Work instruction: Each line from the one containing "Papillon, Kontinentaler Zwergspaniel" through the end of the entries below must be output exactly; no other line belongs.

Data excerpts
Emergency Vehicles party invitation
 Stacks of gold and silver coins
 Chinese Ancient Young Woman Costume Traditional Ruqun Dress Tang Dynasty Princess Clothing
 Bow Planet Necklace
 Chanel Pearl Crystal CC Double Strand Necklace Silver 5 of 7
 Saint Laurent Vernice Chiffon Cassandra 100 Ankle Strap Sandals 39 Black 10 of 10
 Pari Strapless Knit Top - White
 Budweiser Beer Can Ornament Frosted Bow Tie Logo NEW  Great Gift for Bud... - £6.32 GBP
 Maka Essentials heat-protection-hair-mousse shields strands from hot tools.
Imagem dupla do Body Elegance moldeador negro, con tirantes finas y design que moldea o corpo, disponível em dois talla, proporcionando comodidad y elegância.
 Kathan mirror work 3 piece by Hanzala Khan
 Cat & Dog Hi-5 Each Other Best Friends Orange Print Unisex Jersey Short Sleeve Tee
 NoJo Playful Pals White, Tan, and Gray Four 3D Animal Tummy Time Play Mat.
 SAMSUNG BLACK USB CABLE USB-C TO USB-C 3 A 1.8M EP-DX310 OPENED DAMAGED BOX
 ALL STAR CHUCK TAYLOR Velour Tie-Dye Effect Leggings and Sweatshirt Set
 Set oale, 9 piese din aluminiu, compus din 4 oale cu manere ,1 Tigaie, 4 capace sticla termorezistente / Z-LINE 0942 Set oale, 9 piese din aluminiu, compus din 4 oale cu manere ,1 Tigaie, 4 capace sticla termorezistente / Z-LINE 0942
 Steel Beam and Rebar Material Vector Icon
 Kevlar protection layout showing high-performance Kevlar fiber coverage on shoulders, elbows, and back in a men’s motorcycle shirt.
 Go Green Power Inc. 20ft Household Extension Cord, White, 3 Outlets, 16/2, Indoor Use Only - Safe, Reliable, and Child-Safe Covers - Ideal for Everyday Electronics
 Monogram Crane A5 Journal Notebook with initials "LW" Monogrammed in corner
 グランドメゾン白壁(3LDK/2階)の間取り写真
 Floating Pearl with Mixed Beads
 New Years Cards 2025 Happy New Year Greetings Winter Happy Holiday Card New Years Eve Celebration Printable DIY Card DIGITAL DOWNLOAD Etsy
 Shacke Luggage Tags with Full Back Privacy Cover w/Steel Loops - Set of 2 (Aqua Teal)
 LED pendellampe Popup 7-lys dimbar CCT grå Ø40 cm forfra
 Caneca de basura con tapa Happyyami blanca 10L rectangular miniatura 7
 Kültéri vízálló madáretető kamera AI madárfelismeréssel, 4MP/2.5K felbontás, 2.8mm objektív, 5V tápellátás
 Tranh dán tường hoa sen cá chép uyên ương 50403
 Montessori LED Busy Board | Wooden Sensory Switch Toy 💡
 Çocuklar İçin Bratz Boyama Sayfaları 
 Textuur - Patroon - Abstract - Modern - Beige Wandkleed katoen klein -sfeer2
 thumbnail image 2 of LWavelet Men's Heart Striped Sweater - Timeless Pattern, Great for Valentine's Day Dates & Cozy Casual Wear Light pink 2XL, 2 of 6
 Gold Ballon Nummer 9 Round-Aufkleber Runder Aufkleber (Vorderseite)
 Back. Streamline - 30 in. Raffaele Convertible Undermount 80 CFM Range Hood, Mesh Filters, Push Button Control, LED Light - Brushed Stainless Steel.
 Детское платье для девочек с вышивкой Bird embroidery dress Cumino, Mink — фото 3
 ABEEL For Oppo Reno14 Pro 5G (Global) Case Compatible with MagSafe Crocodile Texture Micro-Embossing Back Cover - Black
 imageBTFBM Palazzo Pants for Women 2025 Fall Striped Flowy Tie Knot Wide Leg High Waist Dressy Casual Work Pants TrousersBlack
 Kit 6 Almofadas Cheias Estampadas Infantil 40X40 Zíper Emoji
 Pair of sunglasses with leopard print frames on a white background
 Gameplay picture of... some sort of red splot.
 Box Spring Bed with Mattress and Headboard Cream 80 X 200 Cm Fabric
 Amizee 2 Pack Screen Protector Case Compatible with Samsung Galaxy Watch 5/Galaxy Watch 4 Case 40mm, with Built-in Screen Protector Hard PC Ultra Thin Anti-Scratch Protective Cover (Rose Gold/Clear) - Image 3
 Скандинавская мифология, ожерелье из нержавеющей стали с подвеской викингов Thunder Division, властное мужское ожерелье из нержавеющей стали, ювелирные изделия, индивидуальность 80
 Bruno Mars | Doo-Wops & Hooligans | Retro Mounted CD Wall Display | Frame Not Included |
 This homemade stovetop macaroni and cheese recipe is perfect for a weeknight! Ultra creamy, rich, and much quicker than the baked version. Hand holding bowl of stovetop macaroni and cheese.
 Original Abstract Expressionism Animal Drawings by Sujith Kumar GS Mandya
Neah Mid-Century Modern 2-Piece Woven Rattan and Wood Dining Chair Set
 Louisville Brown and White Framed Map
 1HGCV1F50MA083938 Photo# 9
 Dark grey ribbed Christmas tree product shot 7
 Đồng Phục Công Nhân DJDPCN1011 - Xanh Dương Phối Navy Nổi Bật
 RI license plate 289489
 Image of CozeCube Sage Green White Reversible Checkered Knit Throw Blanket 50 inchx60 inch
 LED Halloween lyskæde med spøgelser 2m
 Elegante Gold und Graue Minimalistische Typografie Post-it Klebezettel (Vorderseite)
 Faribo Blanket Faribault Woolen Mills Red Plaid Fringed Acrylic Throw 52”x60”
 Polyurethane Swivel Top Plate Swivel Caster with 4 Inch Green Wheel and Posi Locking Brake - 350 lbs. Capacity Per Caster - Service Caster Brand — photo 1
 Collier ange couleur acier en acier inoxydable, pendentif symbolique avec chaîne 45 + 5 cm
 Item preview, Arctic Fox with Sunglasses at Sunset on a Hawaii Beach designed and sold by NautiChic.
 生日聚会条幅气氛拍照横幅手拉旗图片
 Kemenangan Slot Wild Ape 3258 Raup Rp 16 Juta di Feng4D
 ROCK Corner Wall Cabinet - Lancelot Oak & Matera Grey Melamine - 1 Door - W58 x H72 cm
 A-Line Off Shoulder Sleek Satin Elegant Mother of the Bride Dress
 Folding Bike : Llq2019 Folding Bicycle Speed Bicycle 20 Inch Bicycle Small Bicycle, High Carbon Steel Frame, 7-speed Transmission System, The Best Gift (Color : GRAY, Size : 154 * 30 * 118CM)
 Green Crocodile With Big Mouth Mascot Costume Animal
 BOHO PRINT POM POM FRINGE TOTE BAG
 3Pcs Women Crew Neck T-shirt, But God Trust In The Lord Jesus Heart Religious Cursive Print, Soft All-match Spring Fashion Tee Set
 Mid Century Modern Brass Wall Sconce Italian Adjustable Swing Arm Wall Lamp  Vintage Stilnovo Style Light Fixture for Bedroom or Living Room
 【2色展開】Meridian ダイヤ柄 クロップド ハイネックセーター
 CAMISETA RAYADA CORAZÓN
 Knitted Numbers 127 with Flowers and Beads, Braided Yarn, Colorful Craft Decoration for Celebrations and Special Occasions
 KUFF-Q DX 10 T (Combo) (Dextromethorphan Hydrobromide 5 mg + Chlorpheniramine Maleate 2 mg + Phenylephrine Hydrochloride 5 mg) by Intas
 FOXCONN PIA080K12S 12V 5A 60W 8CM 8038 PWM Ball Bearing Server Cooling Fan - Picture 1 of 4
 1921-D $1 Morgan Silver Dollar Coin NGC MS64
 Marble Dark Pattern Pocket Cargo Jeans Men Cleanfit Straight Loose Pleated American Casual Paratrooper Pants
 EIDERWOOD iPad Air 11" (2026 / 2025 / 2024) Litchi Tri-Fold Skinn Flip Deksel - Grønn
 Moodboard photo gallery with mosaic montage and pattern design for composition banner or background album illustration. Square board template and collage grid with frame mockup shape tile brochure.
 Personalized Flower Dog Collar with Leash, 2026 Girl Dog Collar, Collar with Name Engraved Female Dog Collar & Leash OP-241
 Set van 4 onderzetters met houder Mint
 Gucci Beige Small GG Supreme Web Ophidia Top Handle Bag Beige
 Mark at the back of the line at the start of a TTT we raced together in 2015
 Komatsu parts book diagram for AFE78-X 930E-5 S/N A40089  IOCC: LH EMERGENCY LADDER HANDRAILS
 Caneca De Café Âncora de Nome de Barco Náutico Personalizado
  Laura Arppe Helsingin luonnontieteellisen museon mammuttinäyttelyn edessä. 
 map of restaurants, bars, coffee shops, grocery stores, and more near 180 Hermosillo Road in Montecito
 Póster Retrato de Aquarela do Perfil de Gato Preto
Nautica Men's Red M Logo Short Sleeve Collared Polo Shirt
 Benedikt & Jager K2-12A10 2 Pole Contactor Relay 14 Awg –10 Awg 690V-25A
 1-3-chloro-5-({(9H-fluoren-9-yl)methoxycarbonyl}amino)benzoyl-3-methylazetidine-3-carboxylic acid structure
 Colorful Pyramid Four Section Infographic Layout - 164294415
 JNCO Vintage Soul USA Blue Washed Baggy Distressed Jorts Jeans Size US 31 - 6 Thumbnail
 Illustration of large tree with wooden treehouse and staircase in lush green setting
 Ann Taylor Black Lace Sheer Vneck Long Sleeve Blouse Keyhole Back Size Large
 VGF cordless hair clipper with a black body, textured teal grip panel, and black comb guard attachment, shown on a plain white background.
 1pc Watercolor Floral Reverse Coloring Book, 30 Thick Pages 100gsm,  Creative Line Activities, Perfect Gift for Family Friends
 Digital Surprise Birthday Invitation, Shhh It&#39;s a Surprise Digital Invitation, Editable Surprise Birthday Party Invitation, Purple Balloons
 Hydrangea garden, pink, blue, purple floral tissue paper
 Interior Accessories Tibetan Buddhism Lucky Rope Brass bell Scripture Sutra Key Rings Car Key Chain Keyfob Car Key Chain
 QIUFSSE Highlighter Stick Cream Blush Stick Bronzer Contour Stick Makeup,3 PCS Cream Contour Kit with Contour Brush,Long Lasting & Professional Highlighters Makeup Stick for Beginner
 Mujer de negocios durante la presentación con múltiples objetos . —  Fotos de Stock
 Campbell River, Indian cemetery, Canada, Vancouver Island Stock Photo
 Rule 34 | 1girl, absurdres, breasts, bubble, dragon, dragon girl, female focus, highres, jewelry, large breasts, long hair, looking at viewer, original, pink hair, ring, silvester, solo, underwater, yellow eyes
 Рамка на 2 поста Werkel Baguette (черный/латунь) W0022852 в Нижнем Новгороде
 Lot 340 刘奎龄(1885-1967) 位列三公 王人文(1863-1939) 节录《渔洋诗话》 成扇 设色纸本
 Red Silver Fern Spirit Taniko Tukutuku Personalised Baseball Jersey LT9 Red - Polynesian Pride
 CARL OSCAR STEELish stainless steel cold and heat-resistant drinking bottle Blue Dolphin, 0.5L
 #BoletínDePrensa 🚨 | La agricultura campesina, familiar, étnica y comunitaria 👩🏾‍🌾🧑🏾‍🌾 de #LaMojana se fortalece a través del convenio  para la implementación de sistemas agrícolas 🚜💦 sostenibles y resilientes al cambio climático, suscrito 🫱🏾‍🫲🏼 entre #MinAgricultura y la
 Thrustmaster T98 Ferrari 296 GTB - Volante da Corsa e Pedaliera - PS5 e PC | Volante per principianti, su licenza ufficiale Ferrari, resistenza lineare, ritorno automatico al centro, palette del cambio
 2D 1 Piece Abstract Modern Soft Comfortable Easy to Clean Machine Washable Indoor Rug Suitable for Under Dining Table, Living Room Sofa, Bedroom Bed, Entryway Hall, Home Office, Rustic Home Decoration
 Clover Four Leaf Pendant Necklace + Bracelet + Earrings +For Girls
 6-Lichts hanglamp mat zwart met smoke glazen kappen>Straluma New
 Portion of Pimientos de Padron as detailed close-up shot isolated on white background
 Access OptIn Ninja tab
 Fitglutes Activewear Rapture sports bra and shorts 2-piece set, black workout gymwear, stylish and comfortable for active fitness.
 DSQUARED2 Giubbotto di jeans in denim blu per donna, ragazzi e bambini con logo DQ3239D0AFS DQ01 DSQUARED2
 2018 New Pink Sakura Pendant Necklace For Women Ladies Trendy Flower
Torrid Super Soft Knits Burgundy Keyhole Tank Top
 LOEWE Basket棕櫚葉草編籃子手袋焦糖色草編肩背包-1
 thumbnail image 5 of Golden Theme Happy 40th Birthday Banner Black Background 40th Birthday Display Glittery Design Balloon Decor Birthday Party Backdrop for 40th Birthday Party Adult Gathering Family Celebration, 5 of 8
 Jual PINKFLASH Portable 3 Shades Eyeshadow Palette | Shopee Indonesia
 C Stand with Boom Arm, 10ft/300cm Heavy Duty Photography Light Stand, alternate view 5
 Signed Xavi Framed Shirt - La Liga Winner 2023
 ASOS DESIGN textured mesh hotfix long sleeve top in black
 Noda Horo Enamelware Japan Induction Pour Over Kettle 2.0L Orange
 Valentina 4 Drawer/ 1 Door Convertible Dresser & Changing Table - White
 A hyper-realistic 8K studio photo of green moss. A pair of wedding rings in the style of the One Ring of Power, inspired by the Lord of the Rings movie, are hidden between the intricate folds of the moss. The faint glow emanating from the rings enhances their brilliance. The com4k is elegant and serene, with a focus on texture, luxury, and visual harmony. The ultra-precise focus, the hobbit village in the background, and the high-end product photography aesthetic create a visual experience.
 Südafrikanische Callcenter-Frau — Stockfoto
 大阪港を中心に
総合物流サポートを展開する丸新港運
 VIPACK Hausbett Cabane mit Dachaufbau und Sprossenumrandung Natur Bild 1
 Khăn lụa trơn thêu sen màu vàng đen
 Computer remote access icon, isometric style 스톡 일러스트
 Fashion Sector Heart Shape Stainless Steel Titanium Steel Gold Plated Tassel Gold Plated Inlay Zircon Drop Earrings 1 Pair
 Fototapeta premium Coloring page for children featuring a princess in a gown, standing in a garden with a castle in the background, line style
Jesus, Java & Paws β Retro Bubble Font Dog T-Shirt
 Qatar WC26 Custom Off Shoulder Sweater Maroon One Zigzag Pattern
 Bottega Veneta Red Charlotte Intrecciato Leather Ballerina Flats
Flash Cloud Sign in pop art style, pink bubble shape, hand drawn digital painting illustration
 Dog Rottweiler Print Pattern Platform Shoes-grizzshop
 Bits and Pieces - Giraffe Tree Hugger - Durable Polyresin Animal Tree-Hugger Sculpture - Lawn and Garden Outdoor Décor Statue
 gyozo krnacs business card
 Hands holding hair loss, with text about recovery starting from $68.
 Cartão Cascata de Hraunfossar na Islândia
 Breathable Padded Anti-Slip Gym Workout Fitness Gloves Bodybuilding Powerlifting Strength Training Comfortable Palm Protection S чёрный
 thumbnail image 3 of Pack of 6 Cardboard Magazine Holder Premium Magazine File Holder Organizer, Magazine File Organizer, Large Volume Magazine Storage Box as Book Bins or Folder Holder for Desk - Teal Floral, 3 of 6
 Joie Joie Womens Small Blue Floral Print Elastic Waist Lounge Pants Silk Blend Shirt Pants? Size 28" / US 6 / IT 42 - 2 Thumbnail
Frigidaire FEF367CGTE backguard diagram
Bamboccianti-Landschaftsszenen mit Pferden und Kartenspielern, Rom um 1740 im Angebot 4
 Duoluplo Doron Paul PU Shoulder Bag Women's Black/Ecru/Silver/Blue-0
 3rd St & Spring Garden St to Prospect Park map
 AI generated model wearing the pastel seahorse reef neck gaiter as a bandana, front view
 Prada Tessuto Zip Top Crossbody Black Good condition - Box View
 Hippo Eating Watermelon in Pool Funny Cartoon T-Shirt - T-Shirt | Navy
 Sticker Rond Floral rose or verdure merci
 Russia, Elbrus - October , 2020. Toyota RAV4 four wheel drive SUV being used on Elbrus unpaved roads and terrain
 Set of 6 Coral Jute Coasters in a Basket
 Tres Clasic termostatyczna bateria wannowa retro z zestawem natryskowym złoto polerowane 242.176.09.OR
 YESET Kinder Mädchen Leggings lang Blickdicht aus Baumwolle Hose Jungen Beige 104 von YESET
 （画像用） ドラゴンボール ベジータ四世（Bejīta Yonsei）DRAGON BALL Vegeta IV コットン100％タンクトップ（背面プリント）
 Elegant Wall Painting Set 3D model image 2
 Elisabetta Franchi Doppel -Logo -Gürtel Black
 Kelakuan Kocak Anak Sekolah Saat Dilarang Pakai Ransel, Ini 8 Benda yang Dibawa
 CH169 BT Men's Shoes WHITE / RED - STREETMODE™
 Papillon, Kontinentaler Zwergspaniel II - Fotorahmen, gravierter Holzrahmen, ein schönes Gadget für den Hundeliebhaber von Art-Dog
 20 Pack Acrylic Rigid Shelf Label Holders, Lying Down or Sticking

Response to this task:
 Papillon, Kontinentaler Zwergspaniel II - Fotorahmen, gravierter Holzrahmen, ein schönes Gadget für den Hundeliebhaber von Art-Dog
 20 Pack Acrylic Rigid Shelf Label Holders, Lying Down or Sticking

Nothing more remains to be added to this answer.